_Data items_
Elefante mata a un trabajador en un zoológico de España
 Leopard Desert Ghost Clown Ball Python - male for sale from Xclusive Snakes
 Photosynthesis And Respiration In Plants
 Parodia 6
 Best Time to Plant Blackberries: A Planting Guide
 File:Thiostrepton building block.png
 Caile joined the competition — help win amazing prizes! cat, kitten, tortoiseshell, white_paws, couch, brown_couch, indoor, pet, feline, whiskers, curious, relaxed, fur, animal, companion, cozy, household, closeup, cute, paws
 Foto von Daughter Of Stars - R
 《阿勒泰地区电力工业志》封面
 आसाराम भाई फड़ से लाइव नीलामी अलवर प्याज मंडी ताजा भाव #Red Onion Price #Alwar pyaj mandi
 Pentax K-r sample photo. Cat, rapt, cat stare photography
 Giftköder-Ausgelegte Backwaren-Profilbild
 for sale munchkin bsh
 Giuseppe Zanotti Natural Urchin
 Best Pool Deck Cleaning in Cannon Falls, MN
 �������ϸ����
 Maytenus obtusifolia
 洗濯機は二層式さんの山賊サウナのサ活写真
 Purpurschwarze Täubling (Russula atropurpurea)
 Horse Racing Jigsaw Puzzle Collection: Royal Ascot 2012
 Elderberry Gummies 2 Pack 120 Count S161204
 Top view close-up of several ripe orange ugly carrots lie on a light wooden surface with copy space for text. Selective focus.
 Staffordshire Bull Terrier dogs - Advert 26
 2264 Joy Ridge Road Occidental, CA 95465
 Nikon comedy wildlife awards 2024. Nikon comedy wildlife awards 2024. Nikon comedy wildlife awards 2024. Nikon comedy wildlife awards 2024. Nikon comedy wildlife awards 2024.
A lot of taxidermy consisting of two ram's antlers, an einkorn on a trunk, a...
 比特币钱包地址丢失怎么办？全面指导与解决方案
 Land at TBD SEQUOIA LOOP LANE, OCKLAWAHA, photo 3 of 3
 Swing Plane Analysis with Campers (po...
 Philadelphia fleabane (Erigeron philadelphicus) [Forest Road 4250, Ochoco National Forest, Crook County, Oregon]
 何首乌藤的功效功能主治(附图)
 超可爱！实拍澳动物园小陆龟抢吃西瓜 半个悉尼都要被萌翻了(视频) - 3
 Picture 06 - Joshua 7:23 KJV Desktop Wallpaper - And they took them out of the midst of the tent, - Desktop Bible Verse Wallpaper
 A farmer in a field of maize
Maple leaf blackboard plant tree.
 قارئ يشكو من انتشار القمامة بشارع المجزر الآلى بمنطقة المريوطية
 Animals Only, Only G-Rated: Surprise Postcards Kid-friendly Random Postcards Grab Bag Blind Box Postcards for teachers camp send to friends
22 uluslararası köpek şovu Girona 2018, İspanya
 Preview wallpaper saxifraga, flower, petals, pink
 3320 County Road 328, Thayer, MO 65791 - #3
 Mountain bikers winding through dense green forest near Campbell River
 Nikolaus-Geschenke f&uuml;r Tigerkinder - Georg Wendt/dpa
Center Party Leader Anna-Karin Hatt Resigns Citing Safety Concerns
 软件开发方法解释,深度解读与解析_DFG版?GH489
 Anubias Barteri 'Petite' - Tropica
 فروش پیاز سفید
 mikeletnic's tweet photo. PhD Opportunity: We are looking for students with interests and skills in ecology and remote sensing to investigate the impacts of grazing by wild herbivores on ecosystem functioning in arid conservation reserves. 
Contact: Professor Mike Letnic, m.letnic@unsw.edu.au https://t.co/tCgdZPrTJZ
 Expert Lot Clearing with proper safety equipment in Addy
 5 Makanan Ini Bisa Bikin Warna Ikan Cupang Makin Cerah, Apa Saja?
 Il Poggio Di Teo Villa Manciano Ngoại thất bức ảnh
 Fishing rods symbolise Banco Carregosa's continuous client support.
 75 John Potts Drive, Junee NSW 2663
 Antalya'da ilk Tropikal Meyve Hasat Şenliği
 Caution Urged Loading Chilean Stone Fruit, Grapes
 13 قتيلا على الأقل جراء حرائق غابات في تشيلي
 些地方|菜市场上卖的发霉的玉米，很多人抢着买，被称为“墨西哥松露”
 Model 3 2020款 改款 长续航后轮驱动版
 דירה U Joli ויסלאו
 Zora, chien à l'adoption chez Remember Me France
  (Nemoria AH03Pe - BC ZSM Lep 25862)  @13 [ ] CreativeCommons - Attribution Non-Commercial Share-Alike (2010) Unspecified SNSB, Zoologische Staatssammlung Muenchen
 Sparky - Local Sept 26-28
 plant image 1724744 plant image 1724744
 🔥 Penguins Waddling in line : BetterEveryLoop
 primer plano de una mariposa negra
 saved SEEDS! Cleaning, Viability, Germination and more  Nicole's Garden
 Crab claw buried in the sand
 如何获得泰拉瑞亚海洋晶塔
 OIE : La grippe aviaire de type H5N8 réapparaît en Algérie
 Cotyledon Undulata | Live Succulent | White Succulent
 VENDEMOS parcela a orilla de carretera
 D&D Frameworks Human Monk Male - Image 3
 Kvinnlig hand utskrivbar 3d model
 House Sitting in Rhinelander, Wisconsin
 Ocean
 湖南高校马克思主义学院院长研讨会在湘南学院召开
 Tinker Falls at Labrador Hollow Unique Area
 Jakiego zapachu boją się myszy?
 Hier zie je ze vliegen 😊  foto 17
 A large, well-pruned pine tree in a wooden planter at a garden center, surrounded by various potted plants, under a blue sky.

_Task to complete_
Count up the lines in the preceding data that include the word "wooden"; respond with the number only.

_Task solution_
2